TASK INSTRUCTIONS —
An exact transcription of every record below is required, with the pictures left out.

━━━ DATA FOR ANALYSIS ━━━

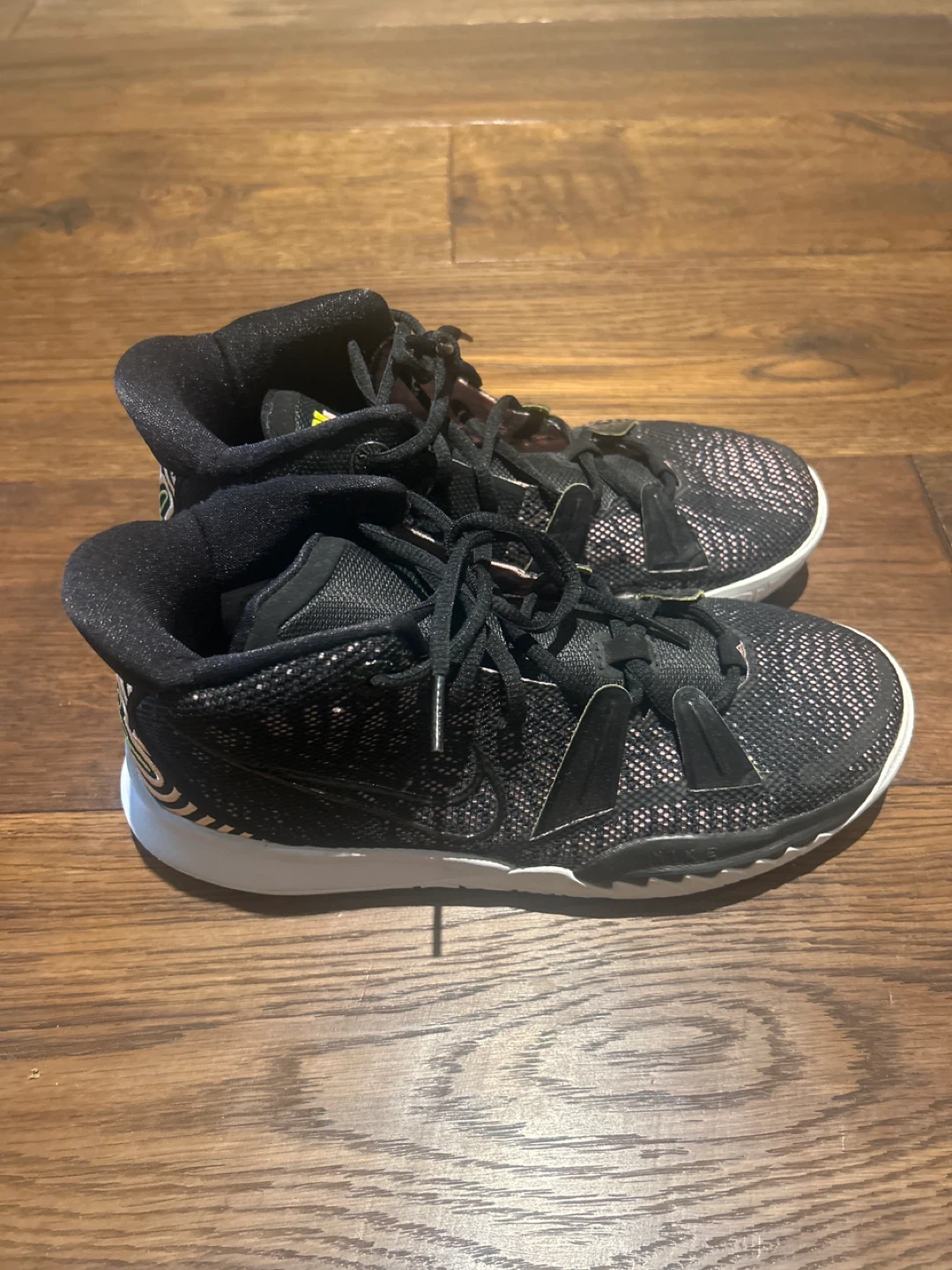 Nike Kyrie Flytrap 4 Basketball Shoes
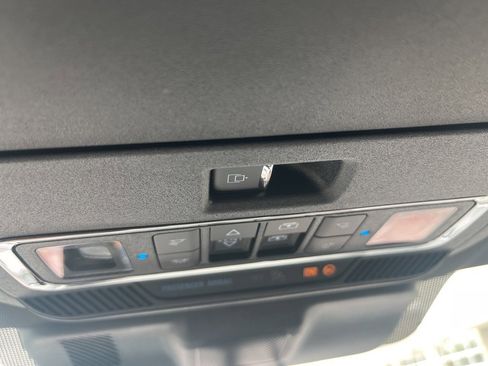 New 2025 Ford F250 Platinum image 26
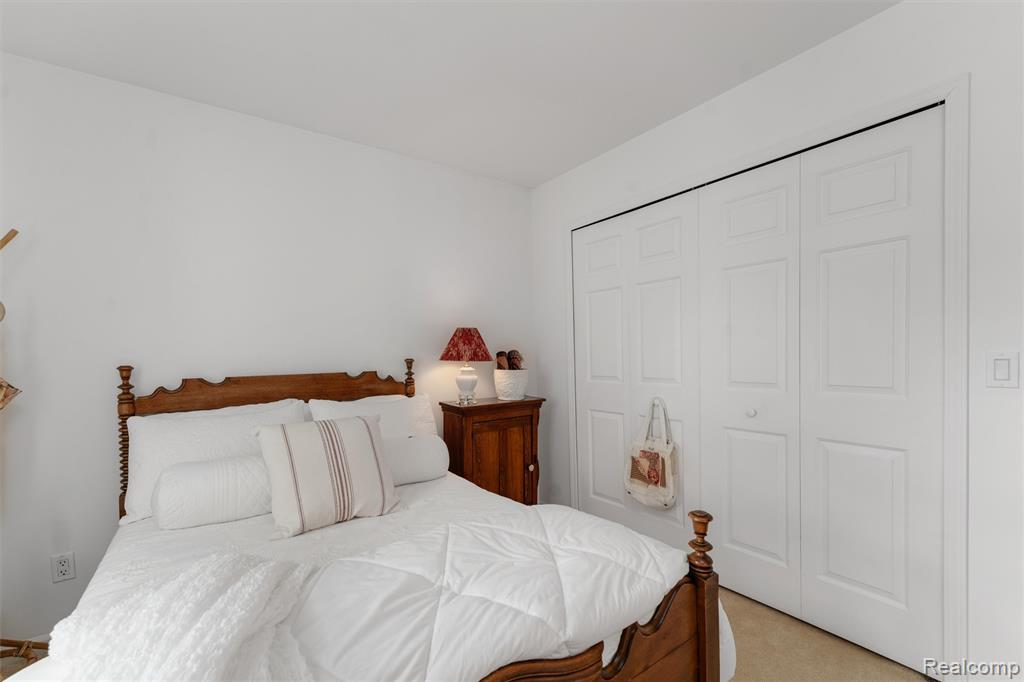 44500 Meadowcreek Lane, Canton, MI 48187 — Photo 25
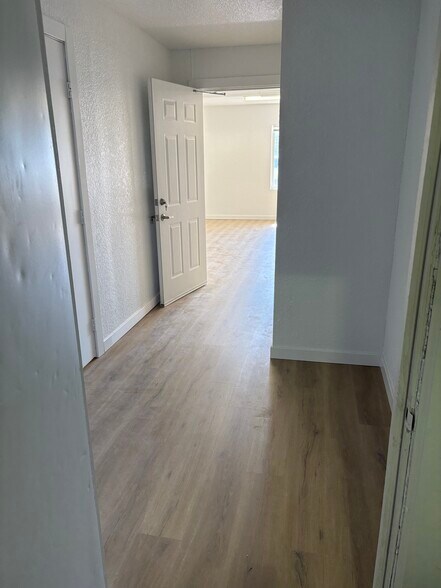 More Photos Of 18440 Paulson Dr, Port Charlotte Service For Lease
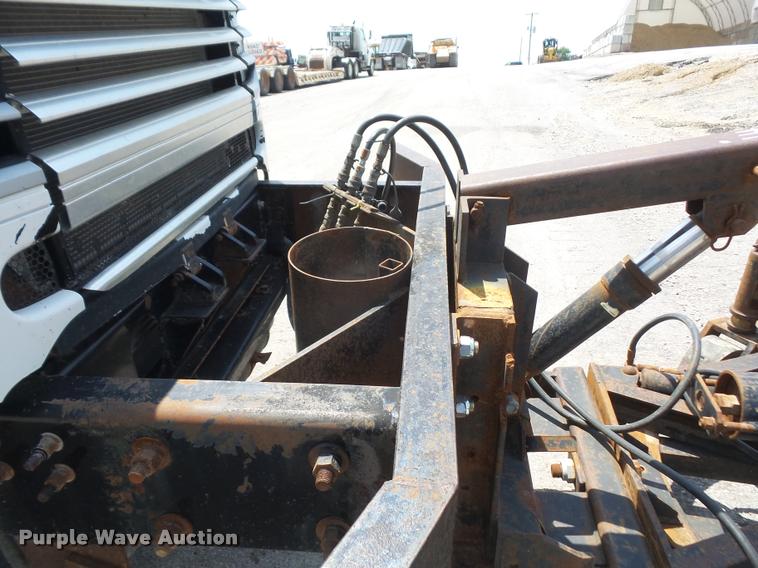 image for item DA6413 2009 Sterling L9500 dump truck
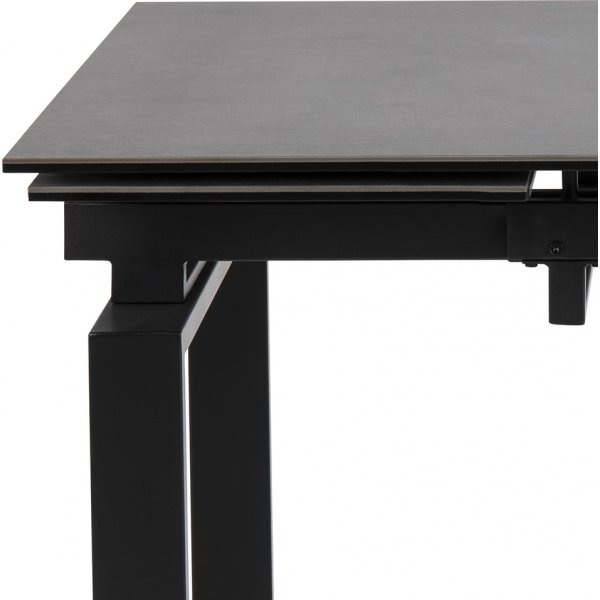 Huddersfield spisebord 120-200 cm - Sort Huddersfield spisebord 120-200 cm - Sort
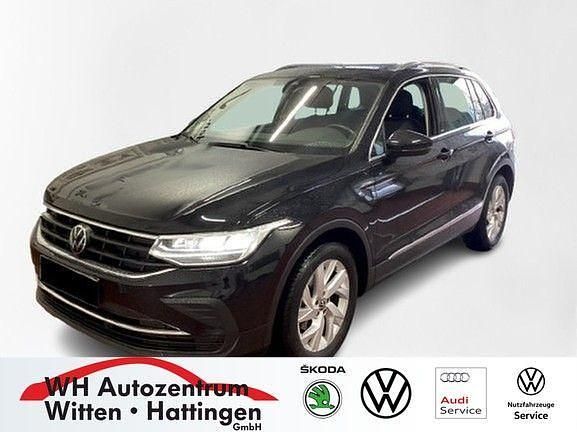 Gebraucht VW Tiguan Move 150 PS (110 kW) 2023 Deep black perleffekt SUV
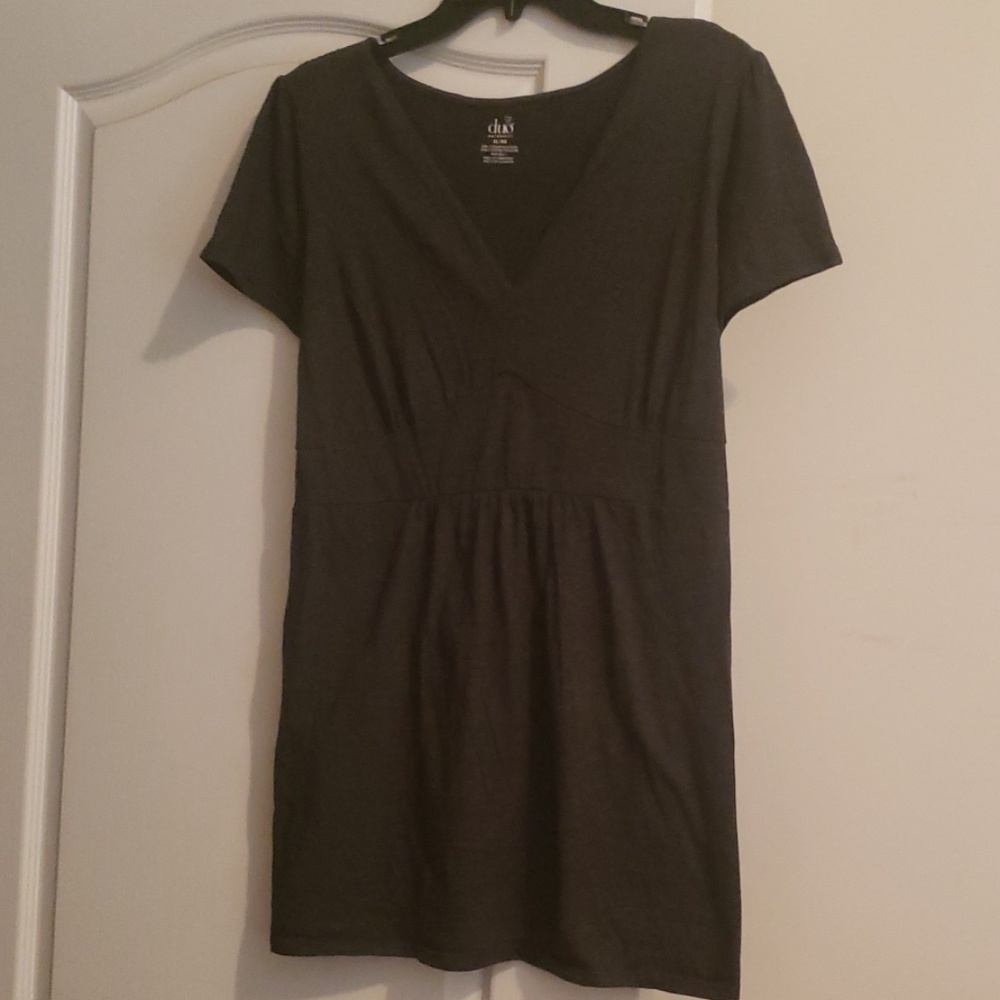 XL dark gray maternity top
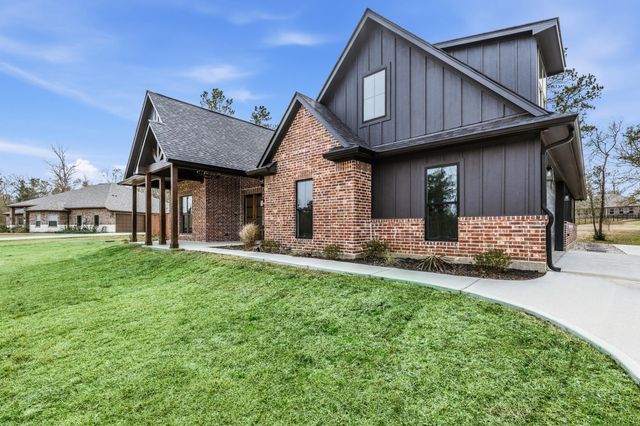 104 Noah Ct, Huntsville, TX 77320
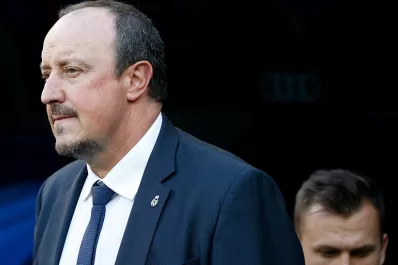 Real Madrid despide a Benítez y nombra en su lugar a Zidane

━━━

YOUR RESPONSE —
 Nike Kyrie Flytrap 4 Basketball Shoes
 New 2025 Ford F250 Platinum image 26
 44500 Meadowcreek Lane, Canton, MI 48187 — Photo 25
 More Photos Of 18440 Paulson Dr, Port Charlotte Service For Lease
 image for item DA6413 2009 Sterling L9500 dump truck
 Huddersfield spisebord 120-200 cm - Sort Huddersfield spisebord 120-200 cm - Sort
 Gebraucht VW Tiguan Move 150 PS (110 kW) 2023 Deep black perleffekt SUV
 XL dark gray maternity top
 104 Noah Ct, Huntsville, TX 77320
 Real Madrid despide a Benítez y nombra en su lugar a Zidane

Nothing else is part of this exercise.